Fonte: Comedonchisciotte

   
Sponsorizzato dagli Stati uniti, il grande «riciclatore» di danaro sporco costruisce l'Università americana di Pristina

E' morto Ibrahim Rugova. Mentre compare sulla scena politica del Kosovo il signor Behgjet Pacolli, il proprietario della Mabetex, colui che - secondo la magistratura di Lugano - aiutò Boris Eltsin non solo a dotarsi di una sontuosa carta di credito appoggiata a una banca svizzera, ma - secondo la magistratura di Trento - fu il riciclatore di alcune decine di milioni di dollari per conto della «Famiglia» di Boris Eltsin, nonché per la compravendita di alcuni aerei militari venduti da Rosvooruzhenie a un paese latino-americano attraverso i servizi segreti russi dell'epoca, e che fruttarono tangenti per altre decine di milioni di dollari. Il cuore di un vorticoso movimento di capitali mafiosi dalla Russia verso banche occidentali e offshore vari, tutti facenti capo ai vertici politici della Russia eltsiniana, passati tutti attraverso il signor Pacolli (ex marito di Anna Oxa). Su Rugova non ha mai perso l'occasioni di dire: «Ora è tempo che si faccia da parte». Adesso Pacolli entra in politica non senza essersi conquistato appalti perfino nella lontana Astana, capitale nuova di zecca del Kazakhstan di Nursultan Nazarbaev. Gli unici leader kosovari disponibili sulla piazza sono rinomati assassini dell'ex Uck, alcuni perfino (formalmente) incriminati dal tribunale dell'Aja come Ramush Haradinaj.

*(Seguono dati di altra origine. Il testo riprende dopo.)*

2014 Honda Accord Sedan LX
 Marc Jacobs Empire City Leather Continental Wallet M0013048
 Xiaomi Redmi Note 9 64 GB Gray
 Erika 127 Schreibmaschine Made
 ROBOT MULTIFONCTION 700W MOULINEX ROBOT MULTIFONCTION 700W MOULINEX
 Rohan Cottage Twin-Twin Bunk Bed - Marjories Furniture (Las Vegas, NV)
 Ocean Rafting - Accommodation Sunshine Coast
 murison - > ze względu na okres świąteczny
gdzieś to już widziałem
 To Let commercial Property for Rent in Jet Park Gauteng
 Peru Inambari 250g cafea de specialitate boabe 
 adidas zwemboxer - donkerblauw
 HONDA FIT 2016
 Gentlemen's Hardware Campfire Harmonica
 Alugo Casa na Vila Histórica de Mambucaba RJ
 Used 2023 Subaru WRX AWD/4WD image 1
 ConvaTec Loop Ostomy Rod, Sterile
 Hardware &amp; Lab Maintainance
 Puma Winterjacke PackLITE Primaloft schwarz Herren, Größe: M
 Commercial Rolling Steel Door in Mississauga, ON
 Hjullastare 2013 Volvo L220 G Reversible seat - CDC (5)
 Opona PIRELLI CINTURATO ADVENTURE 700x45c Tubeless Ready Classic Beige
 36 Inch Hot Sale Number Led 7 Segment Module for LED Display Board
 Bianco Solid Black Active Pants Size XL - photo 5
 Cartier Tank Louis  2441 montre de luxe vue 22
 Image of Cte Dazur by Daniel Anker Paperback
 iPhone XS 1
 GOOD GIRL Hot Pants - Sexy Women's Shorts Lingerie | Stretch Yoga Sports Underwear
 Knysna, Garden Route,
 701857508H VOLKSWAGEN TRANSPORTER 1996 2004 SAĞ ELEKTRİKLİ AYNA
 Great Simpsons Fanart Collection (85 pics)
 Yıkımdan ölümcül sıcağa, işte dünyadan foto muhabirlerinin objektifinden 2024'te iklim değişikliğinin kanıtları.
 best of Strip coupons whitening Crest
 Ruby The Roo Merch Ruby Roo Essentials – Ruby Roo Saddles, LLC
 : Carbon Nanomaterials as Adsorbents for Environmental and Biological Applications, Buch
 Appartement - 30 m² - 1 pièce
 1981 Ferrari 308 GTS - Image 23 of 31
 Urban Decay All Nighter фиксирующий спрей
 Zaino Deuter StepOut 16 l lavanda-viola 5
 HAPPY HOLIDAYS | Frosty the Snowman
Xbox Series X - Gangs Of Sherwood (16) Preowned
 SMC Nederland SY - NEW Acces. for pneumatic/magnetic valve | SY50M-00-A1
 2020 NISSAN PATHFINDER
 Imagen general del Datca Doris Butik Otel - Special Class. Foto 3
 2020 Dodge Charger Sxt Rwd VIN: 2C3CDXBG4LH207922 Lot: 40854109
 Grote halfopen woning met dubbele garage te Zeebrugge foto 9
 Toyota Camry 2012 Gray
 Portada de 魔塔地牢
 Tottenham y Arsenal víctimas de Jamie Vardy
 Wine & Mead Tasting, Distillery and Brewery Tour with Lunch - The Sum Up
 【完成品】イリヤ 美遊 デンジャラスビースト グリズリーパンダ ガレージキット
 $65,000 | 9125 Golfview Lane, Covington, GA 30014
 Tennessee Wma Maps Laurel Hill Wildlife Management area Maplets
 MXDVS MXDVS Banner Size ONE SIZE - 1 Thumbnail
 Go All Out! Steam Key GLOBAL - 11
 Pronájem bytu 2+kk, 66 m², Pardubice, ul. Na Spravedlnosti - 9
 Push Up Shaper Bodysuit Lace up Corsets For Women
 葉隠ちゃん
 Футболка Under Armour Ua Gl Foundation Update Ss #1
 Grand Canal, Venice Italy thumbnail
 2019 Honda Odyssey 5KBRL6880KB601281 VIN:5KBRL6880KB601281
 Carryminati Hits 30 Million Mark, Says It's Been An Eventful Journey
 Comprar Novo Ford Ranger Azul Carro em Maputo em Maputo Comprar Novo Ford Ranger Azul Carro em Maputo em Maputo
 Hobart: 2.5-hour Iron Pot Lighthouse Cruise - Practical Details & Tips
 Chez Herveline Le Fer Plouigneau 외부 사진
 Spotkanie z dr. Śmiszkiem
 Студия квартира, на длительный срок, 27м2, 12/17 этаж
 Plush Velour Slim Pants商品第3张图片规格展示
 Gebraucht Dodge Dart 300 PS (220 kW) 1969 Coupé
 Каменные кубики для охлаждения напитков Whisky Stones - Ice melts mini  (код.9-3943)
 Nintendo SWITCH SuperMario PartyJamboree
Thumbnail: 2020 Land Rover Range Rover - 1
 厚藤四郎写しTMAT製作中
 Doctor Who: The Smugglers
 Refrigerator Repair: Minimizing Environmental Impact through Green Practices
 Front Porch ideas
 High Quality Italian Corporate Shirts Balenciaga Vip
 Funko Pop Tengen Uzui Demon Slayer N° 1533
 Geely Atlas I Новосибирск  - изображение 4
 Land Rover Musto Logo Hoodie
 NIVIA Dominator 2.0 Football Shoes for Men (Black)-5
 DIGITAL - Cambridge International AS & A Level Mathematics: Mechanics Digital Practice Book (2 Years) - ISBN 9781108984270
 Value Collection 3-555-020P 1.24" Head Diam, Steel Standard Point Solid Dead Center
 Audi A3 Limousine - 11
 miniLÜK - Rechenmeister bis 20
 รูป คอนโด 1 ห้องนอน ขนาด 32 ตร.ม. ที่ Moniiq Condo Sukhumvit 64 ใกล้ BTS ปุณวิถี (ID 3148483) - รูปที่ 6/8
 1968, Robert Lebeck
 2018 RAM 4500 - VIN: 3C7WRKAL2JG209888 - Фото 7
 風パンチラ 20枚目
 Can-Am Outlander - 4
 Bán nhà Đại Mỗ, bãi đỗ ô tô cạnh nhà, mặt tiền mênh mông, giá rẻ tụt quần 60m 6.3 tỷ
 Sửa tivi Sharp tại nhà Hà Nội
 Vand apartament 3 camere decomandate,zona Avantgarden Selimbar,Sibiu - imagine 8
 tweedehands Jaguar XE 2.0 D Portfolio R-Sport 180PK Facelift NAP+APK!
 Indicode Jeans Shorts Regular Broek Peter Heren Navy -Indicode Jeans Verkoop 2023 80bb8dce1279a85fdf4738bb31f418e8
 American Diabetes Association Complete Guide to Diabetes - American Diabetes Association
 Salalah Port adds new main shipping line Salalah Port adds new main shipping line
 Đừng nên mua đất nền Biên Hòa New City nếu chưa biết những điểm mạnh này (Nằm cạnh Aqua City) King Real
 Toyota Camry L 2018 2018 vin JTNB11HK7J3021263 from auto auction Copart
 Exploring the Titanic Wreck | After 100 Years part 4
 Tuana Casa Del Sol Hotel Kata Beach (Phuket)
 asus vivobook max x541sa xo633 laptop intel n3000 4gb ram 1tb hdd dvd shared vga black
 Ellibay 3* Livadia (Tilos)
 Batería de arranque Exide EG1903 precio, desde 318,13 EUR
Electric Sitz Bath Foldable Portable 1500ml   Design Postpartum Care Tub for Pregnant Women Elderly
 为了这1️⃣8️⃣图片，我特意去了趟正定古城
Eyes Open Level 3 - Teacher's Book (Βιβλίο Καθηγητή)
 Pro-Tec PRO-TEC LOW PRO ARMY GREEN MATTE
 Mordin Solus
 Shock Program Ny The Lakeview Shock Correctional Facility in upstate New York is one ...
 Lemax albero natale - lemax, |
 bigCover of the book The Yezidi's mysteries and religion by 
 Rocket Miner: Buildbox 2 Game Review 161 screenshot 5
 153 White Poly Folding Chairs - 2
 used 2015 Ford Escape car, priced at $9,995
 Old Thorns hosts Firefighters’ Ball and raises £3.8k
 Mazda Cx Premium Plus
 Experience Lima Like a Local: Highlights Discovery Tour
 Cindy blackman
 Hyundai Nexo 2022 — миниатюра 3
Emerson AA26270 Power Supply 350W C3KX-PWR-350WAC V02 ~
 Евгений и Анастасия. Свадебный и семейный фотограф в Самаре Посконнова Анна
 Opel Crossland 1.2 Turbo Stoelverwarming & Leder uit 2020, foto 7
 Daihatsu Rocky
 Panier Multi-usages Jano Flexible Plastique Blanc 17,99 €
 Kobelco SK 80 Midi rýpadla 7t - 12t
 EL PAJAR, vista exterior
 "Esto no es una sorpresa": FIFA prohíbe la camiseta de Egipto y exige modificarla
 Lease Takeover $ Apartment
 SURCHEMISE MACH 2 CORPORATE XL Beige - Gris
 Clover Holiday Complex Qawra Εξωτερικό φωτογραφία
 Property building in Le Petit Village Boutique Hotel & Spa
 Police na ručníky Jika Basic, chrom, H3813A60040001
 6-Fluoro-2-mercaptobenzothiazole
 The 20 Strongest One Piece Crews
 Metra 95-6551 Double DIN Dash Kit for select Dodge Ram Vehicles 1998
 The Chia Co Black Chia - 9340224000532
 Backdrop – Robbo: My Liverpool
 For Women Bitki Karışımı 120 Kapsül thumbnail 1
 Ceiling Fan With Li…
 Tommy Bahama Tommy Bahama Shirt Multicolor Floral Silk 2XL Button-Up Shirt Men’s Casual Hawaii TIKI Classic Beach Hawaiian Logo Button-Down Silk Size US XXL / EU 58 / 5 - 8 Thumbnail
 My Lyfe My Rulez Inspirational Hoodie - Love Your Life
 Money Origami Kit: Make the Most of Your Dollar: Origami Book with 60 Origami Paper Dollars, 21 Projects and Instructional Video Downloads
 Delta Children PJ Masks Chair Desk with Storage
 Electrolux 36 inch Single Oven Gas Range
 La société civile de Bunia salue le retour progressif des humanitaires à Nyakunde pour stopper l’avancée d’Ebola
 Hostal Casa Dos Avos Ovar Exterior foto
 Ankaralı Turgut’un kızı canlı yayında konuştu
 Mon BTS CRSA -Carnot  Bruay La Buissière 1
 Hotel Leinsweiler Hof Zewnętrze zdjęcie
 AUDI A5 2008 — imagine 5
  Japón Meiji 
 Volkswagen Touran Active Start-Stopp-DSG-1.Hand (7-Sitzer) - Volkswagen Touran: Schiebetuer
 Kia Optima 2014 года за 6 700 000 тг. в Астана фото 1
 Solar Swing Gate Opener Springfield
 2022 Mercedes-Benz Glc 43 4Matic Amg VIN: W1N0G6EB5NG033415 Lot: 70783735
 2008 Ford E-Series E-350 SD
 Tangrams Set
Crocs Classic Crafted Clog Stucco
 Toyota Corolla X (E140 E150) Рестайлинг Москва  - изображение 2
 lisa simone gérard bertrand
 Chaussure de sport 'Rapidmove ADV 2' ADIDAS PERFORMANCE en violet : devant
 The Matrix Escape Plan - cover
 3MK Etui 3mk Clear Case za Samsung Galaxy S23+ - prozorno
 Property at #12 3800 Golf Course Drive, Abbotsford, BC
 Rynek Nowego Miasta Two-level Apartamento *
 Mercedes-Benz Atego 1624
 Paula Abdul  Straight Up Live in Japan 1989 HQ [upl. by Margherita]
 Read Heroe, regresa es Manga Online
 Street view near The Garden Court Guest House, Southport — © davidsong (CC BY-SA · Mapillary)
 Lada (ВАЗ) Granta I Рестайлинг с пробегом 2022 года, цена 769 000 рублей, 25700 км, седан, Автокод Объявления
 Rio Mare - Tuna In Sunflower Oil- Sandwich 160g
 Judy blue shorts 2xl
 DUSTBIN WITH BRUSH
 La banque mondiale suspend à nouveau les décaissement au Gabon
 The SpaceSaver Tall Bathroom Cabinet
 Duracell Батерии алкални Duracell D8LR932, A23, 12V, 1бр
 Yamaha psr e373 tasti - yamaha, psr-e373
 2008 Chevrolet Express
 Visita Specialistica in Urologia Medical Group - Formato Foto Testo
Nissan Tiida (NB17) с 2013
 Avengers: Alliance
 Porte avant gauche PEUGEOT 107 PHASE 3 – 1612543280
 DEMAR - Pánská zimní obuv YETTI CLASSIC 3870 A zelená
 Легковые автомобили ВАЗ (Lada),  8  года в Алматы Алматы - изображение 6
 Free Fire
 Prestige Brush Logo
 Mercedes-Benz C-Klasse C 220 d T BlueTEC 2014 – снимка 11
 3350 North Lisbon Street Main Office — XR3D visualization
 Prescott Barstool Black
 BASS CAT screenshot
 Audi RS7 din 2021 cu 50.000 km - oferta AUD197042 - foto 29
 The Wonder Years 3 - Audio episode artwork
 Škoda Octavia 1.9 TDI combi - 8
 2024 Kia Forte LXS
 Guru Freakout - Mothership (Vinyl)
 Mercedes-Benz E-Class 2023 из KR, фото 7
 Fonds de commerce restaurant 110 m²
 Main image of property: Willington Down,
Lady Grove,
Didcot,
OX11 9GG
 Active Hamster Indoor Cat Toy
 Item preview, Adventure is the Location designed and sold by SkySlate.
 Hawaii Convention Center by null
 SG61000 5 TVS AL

Impresentabili dunque perfino di fronte a una Europa disposta a non vedere e a non sentire. E il «nostro» Pacolli intanto si è offerto di costruire - di tasca propria, i lavori già fervono - la nuova Università americana di Pristina. Circa venti milioni di dollari. L'università americana di Pristina nascerà con i proventi dei furti perpetrati ai danni dei cittadini russi. Gli europei mandano in giro, a fare da mediatore, l'ex presidente finlandese Martti Ahtisaari; gli americani, oltre alla più grande base militare europea di Bondsteel, si fanno costruire a Pristina, gratis, la loro università, quella con cui costruiranno i «quadri» della futura indipendenza kosovara. Perché stupirsi se le azioni di Pacolli sono in veloce crescita anche a Washington, visto che è là che si decide la sorte del Kosovo. Con i soldi guadagnati riciclando i denari che Eltsin rubava ai russi, il dinamico Behgjet ha messo in piedi una grande lobby negli Usa, denominata «Alleanza per un nuovo Kosovo», che annovera tra i suoi sponsor l'ex segretario alla Difesa Frank Carlucci, presidente emerito del Gruppo Carlyle. Le idee dell'«Alleanza per un nuovo Kosovo» sono state messe a punto, secondo il Financial Times, alla fine del mese di novembre in una riunione nel rinomato Metropolitan Club di Washington. I concetti sono semplici e chiari: se Belgrado cerca di resistere alla prospettiva di abbandonare definitivamente il Kosovo, bisognerà imporglielo. L'Europa recalcitrante dovrà essere «spintonata». L'essenziale è far sapere che Bush ha rotto gl'indugi. E l'Unione europea si adegua. Il mediatore Ahtisaari preme su Belgrado e sul presidente Boris Tadic perché accettino «l'inevitabile». Altrimenti è pronta l'accelerazione del referendum che separerà il Montenegro dalla Serbia. Intanto si «lavora» per trasformare l'«inevitabile» in realtà. Come dimostra la fuga ormai irrefrenabile dei serbi e il terrore contro quelli rimasti in Kosovo. Chi rimane rischia la vita. La contropulizia etnica non ha sosta. Pacolli è l'uomo della provvidenza. Già lo vediamo apparire a Pristina in pompa magna, scortato dalle guardie del corpo del gruppo Carlyle.